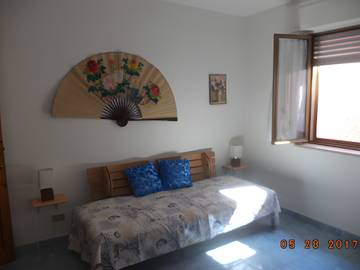 Villa per 9 Persone in Ventotene, Lazio, Foto 1
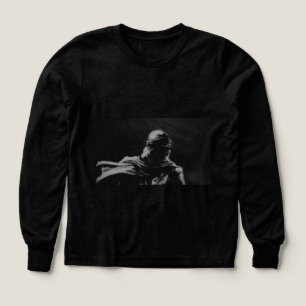Dark Warrior Shadow Sweatshirt   Minimalist Ninja 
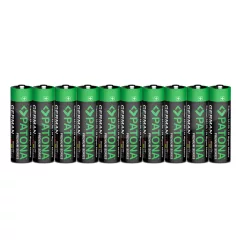   PATONA Premium 10 db -  Alkaline AA - Mignon LR06 elem (4222)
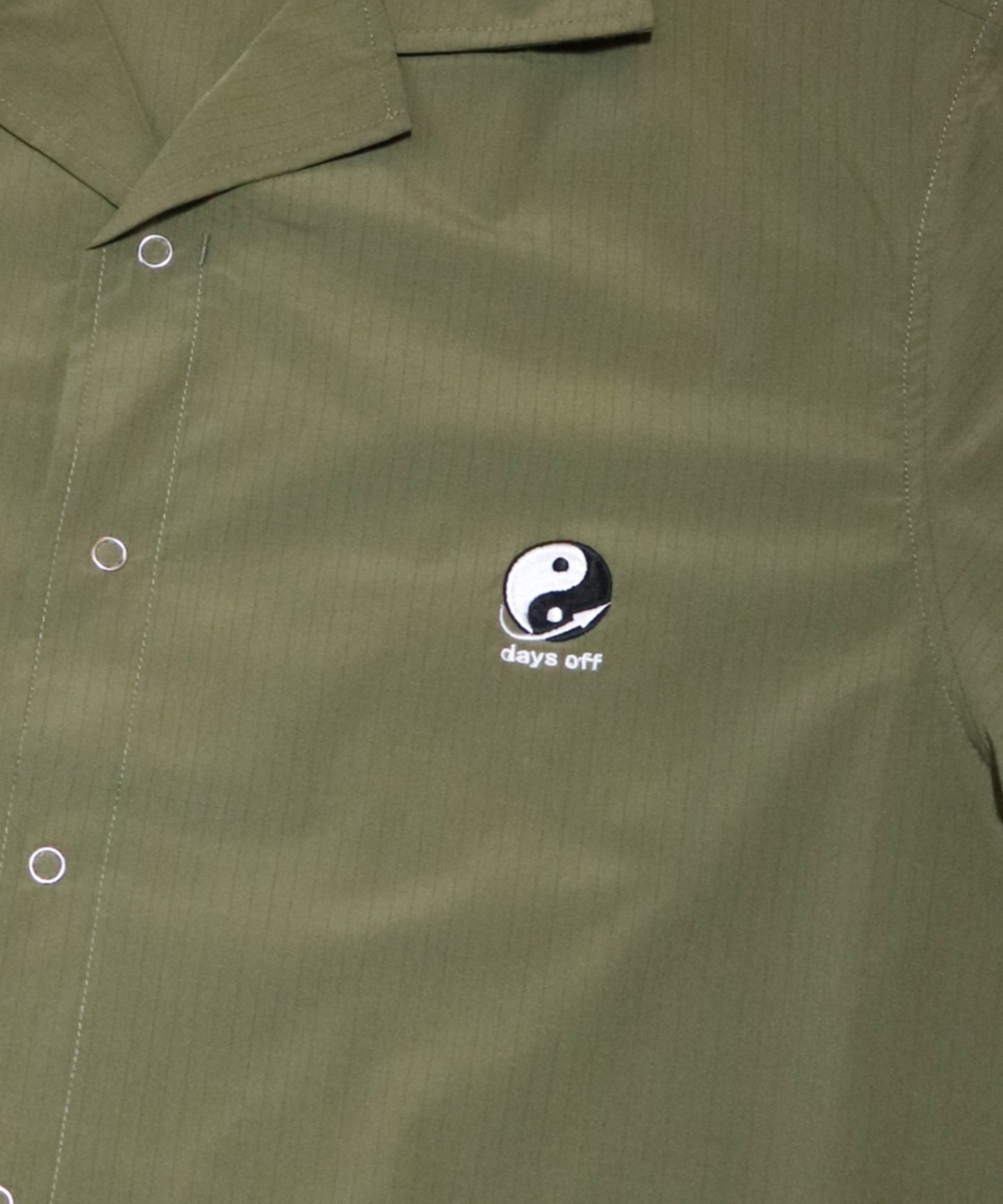 BC RIPSTOP ALOHA SHIRTS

•••••

Beginning with the line that holds "Dark Warrior Shadow" and ending with the last line of the material above, extract every line exactly, pictures excluded.

Dark Warrior Shadow Sweatshirt   Minimalist Ninja 
   PATONA Premium 10 db -  Alkaline AA - Mignon LR06 elem (4222)
 BC RIPSTOP ALOHA SHIRTS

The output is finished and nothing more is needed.